• **Records shown**:
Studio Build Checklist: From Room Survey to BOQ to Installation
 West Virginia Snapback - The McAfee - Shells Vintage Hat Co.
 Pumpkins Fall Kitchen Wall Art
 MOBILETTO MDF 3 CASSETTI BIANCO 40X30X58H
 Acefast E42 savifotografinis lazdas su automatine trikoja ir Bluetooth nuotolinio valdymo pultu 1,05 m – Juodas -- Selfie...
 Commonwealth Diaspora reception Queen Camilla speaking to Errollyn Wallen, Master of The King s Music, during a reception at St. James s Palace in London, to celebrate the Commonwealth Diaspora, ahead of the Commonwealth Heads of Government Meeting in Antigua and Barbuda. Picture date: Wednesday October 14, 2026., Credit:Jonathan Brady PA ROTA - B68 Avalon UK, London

• **Directions**:
Transcribe the data above in full, keeping every word as it is.

• **Response below**:
Studio Build Checklist: From Room Survey to BOQ to Installation
 West Virginia Snapback - The McAfee - Shells Vintage Hat Co.
 Pumpkins Fall Kitchen Wall Art
 MOBILETTO MDF 3 CASSETTI BIANCO 40X30X58H
 Acefast E42 savifotografinis lazdas su automatine trikoja ir Bluetooth nuotolinio valdymo pultu 1,05 m – Juodas -- Selfie...
 Commonwealth Diaspora reception Queen Camilla speaking to Errollyn Wallen, Master of The King s Music, during a reception at St. James s Palace in London, to celebrate the Commonwealth Diaspora, ahead of the Commonwealth Heads of Government Meeting in Antigua and Barbuda. Picture date: Wednesday October 14, 2026., Credit:Jonathan Brady PA ROTA - B68 Avalon UK, London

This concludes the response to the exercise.